By the end of this activity, you will be able to:

Understand how to deal with columns that have incorrect variable types.
Describe what is considered a tidy data set.
Manipulate variables into either new variables, or changed versions of themselves.
Summarize key points and provide interpretations for these points.

Methods

Technology requirement: The activity handout provides examples of how to clean and summarize data. For this, the use of R Studio is required and we will be using a quarto document. However, the activity could be modified to ask students to produce that information from the raw dataset and/or extend the activity to investigate other variables available in the data. The activity could also easily be adapted to use other popular programming languages such as Python.

R Packages: Familiarity with the tidyverse suite of packages. In addition to the basic verbs in dplyr, students should be familiar with the separate command (tidyr) and joining commands (dplyr). Students will also need a small amount of lubridate and can benefit from some basic regular expressions (to be used with the separate function).
Tidy Data: You should understand what it means for a data set to be tidy, there is a general definition of requirements for what this means.
Knowledge of summarizing data, this can be done using dplyr functions. The outcomes of what these different functions do should be understood. For example, knowing how to calculate means, sample sizes, proportions and other summary statistics using the summarize function in dplyr.
Students should have some basic understanding of the join functions in R.

Data

There are two data sets here, athletes and medals.The first athletes contains information on individual athletes. Each row in this data set represents a different athlete that competed at the Beijing 2022 Olympic Winter Games. This data set has 2897 rows and 14 columns.

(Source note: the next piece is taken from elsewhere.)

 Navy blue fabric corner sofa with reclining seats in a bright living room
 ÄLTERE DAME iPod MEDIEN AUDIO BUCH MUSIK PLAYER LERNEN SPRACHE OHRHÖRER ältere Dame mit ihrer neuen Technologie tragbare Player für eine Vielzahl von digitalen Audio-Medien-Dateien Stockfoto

Download non tidy data: athletes.csv

Athletes

Variable Descriptions

Variable	Description
name	Athlete Name
short_name	Athlete Name(short)
gender	Athlete Gender
birth_date	Athlete Date of Birthday
birth_place	Athlete Place of Birthday
birth_country	Athlete Country of Birthday
country	Athlete Country
country_code	Athlete Country Code
discipline	Discipline
discipline_code	Discipline Code
residence_place	Athlete Residence Place
residence_country	Athlete Residence Country
height_m/ft	Athlete Height (meters and feet)
url	Athlete Profile Link

The second medals contains information on medal winners. Each row in this data set represents a medal won in the Beijing 2022 Olympic Winter Games. This can mean Gold, Bronze, or Silver medals. This data set has 694 rows and 12 columns.

Download non tidy data: medals.csv

Download tidy data: medalsTidy.csv

Medals

Variable Descriptions

Variable	Description
medal_type	Medal Type (Gold, Bronze, Silver)
medal_code	Medal Number (1, 2, 3)
medal_date	Date Medal Won
athlete_short_name	Athlete Name (Short)
athlete_name	Athlete Name
athlete_sex	Athlete Gender
athlete_link	Athlete Profile Link
event	Event Competed In
country	Country
country_code	Country Code
discipline	Discipline
discipline_code	Discipline Code

Data Source

Beijing 2022 Winter Olympic Games

Materials

Class Handout

Class Handout - Solutions

Conclusion

By working through the different exercises, students will become aware of how data cleaning and preparation are a key component to analysis.